I need a new cymbal pack. For a year, ive been using only a no name .... crash and hihat that are barely a step up from plastic first act cymbals. Any recommendations? I was thinking about this:Meinl HCS-SCS1 Ultimate Complete Cymbal Set Pack with FREE 16-Inch Trash Crash | Musician&#39;s Friend

But alot of reviews say they sound good only in recordings, and terrible in real life. I play mostly metal and post rock.
Unfortunately, theres no stores near me that have cymbal testing rooms for me to try.


----------



## Lemons (Oct 4, 2015)

Meinl HCS are pretty garbage honestly, I'd take a Sabian B8 set over them any day. Although if you can stretch the budget an XS20 set is well beyond either and still relatively cheap. A better idea would be to buy $400 dollars of high quality cymbals (eg. Sabian AAX) and just make do with less cymbals for now.


----------



## TRENCHLORD (Oct 5, 2015)

You just won't get a good pack new for even close to $400.

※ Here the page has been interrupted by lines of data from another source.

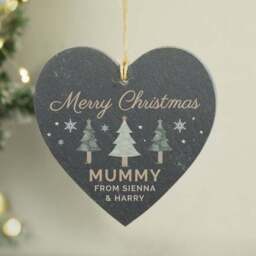 Personalised Christmas Tree Slate Heart Decoration - thumbnail 3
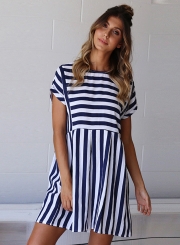 Fashion Striped Loose Short Sleeve Round Neck Women Dress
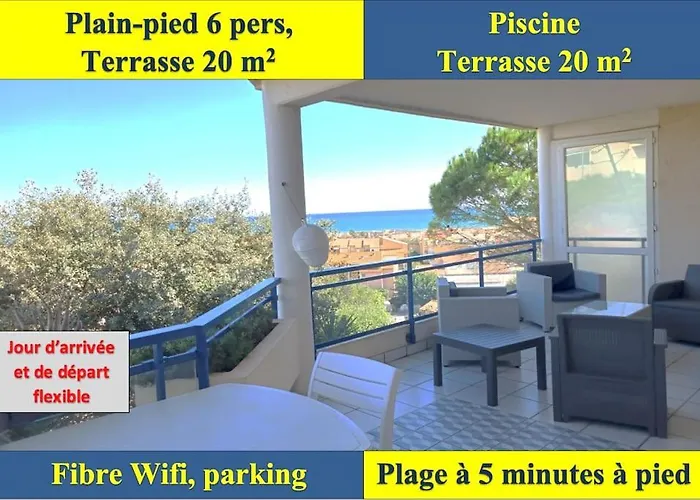 Plain-pied, Terrasse, Piscine, Pleine Vue Mer, A 6' A Pied, Parking, Wifi Apartment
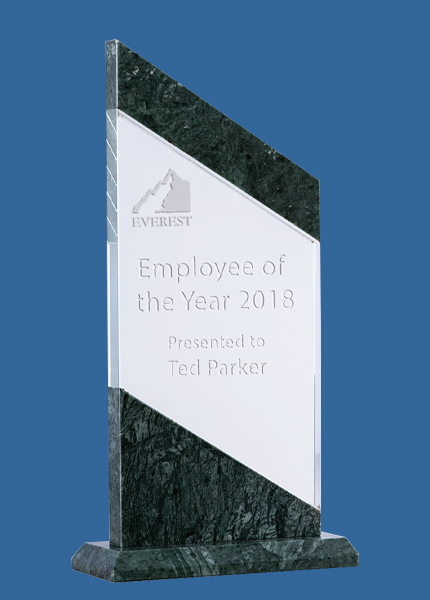 GMG01_e Angled Green Marble Clear Glass Award Trophy (10mm Thick)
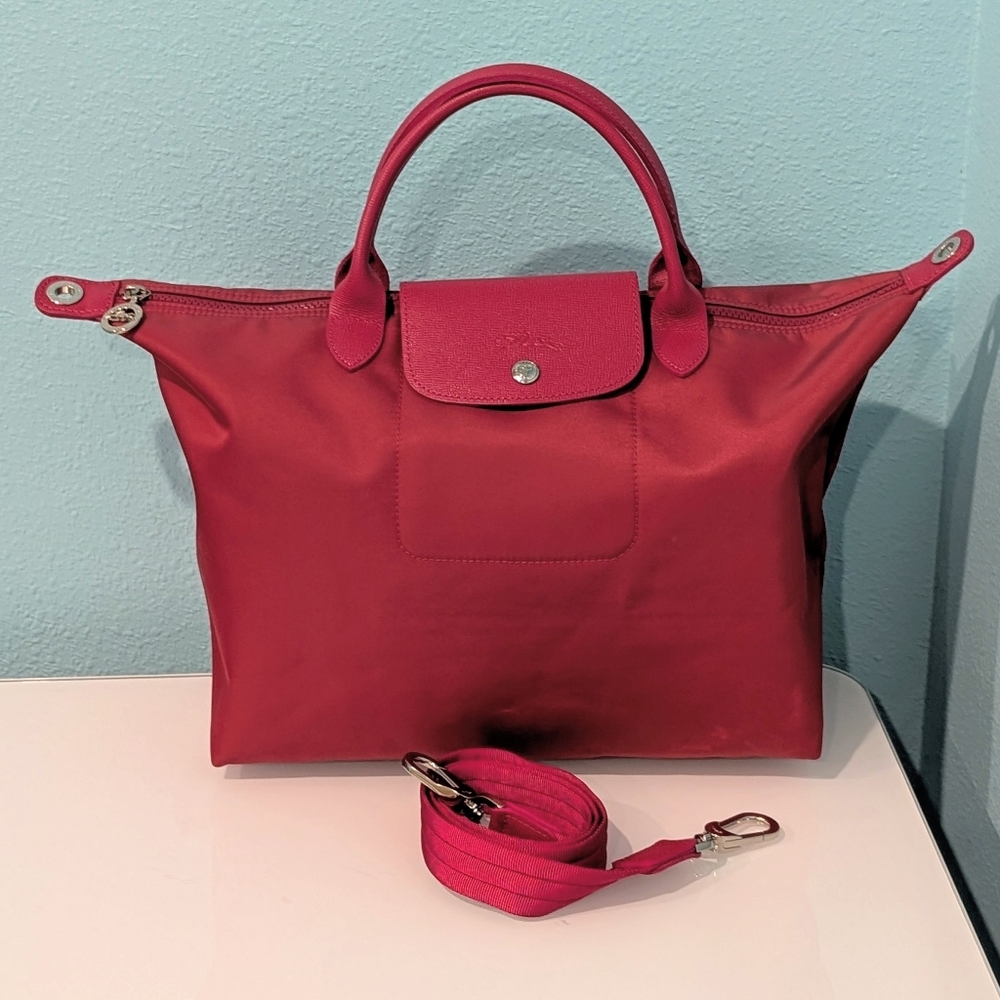LONGCHAMP Neo Le Pliage Crossbody Duffle Bag Fuschia Magneta Pink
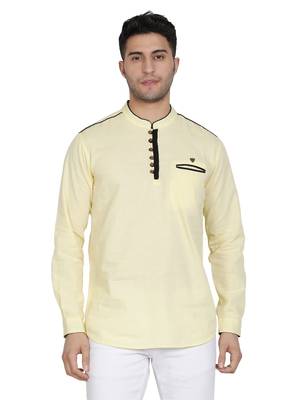 men's linen cotton cream yellow short kurta for men 1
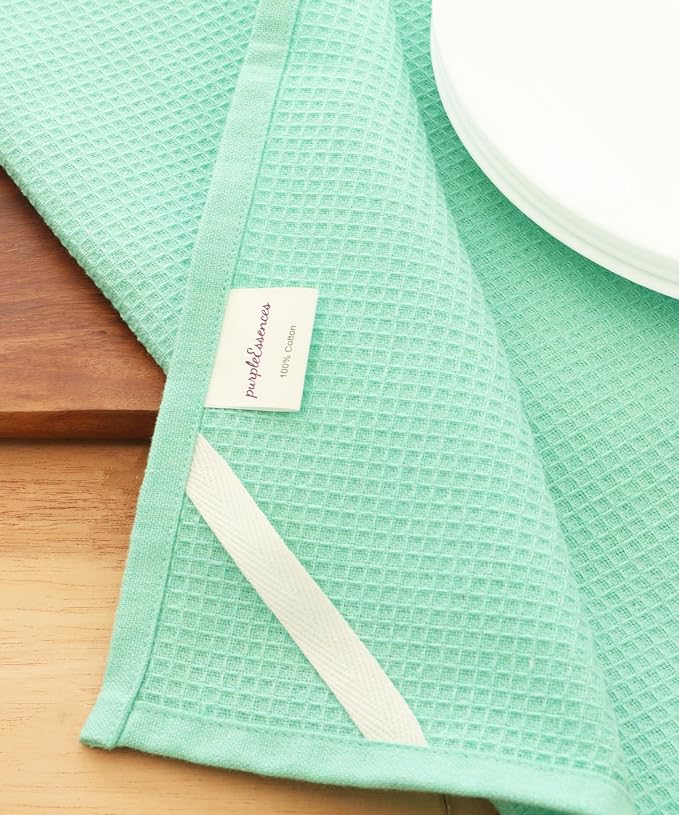 PurpleEssences Waffle Weave Kitchen Towel, 100% Cotton - Image 5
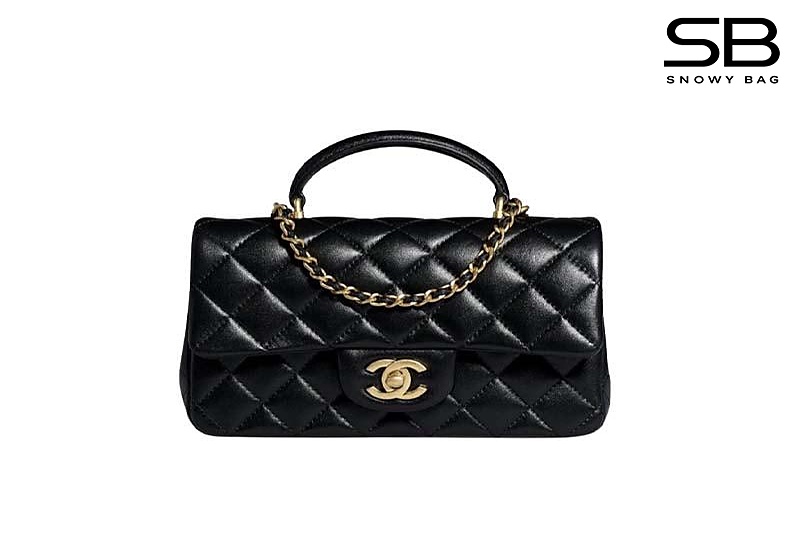 Túi Chanel Flap Bag Mini 8 Top Handle Black Lambskin GHW 20CM Đen sang trọng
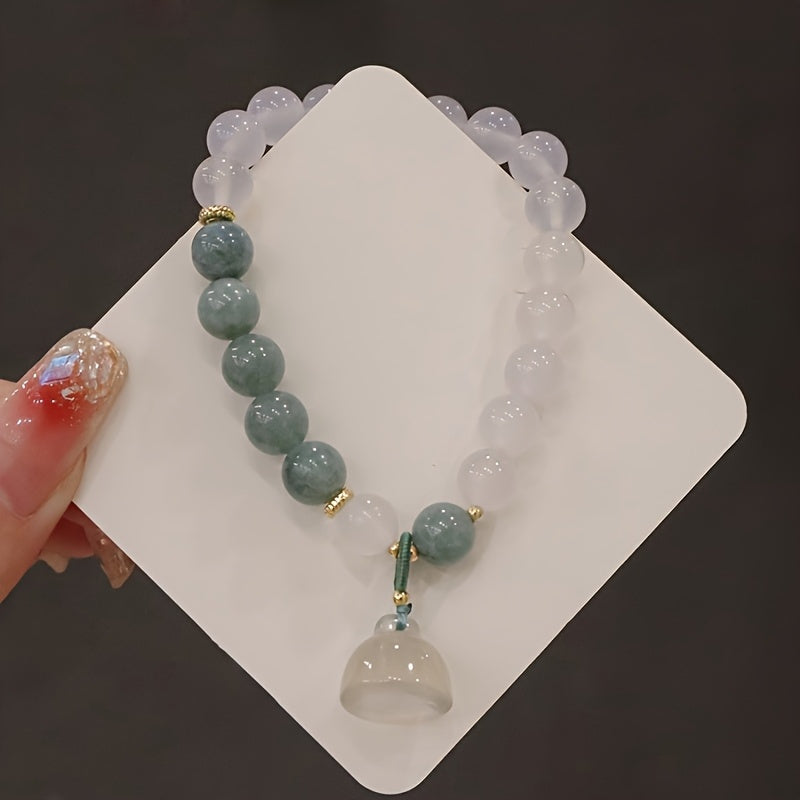 Natural Agate Lotus Bracelet — White & Green Beads with 925 Silver Accents  Calm Energy, Protection, Luck & Heart-Chakra Balance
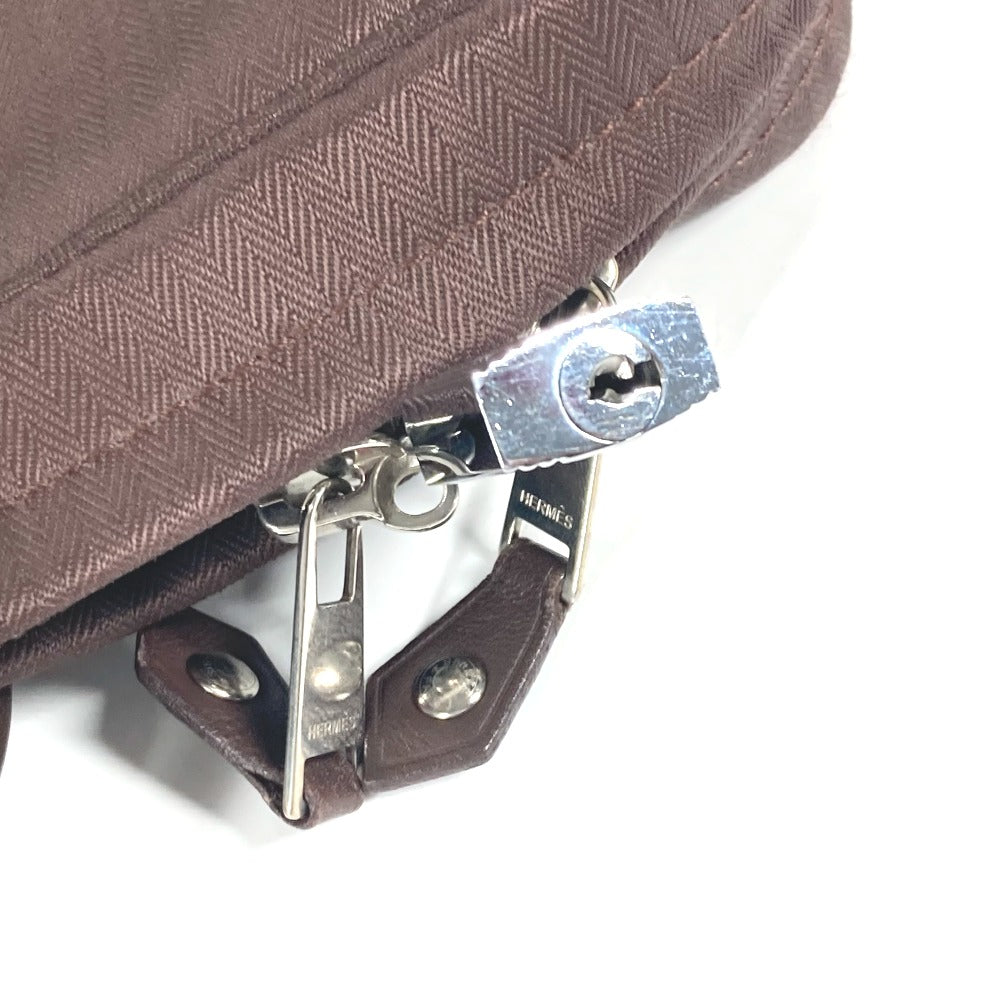 HERMES Business bag Nylon Brown Shoulder Acapulco Odinatur mens Used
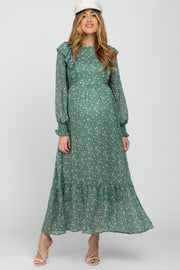 Green Ditsy Floral Ruffle Accent Maternity Maxi Dress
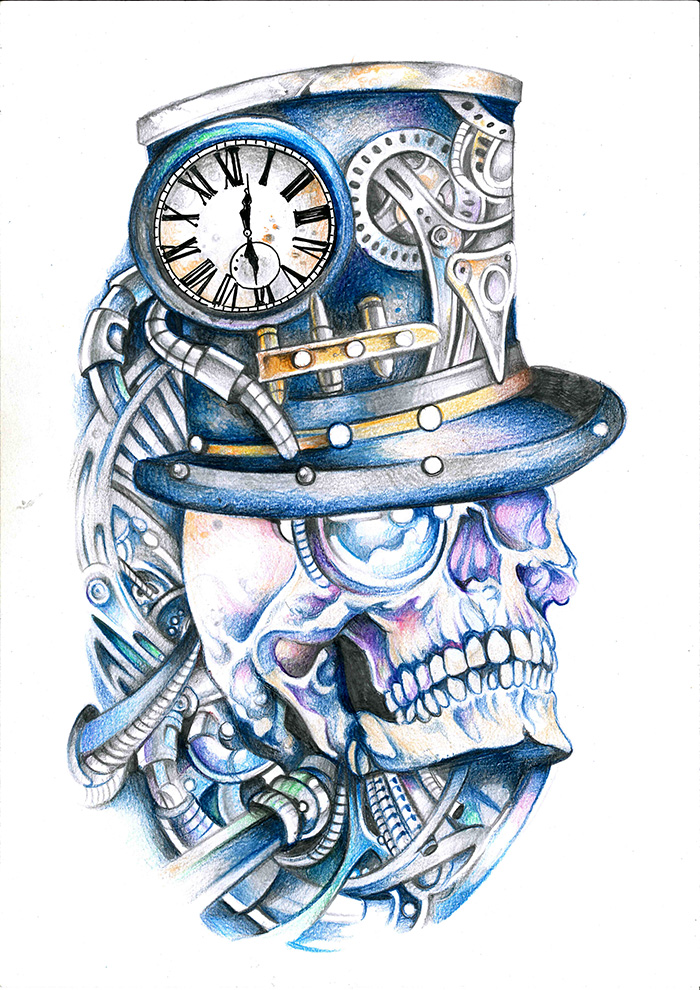Tatto Designs Steampunk skull by jimjaz on DeviantArt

Pick them off one by one (used) on your local craigslist or at a local guitar center.
You might have to really hawk the ads for awhile (if your being really model specific) but they'll show up, they always do.
Guitar Centers are horrible about mislabeling things online, so if you don't find them local be very insistent when calling in that they match what's in the ad/photo.


----------



## Imsonic (Oct 5, 2015)

Istanbul Samatya. Check it out.


----------



## HollowmanPL (Nov 20, 2015)

Sabian B8 Pro?


----------



## gnoll (Nov 22, 2015)

I would just look around for used higher end cymbals and not be so set on buying them as a pack. I think that's gonna get you the most bang for your buck for sure, plus you can mix and match to your preferences. 

Also, I guess this is personal preference, but for me I would rather have fewer but better sounding cymbals. Maybe you can get by with fewer cymbals than you think you need. For example, remember that you can do alot with just a great sounding hihat.

It would be fun to hear what you end up with and what you think of them!


----------



## Vhyle (Nov 29, 2015)

Off topic - the best hi-hat I've ever heard were my old Ziljian 13" A customs. I wish I still had them, because dayum.


----------



## Nour Ayasso (Dec 2, 2015)

Meinl HCS are pretty much garbage, like most low end cymbals it's practically a waste of money. Sabian B8's aren't really worth it, but they're way better than HCS, ZBTs are pretty decent (but most of mine have been modified). In my experience cheap hi hats and rides are do able, but the HCS, B8, and ZBT crashes are really not worth it. You're better off buying used higher end crashes and picking up a ZBT ride & hi hat (they're very pingy and crisp, worth the money)


----------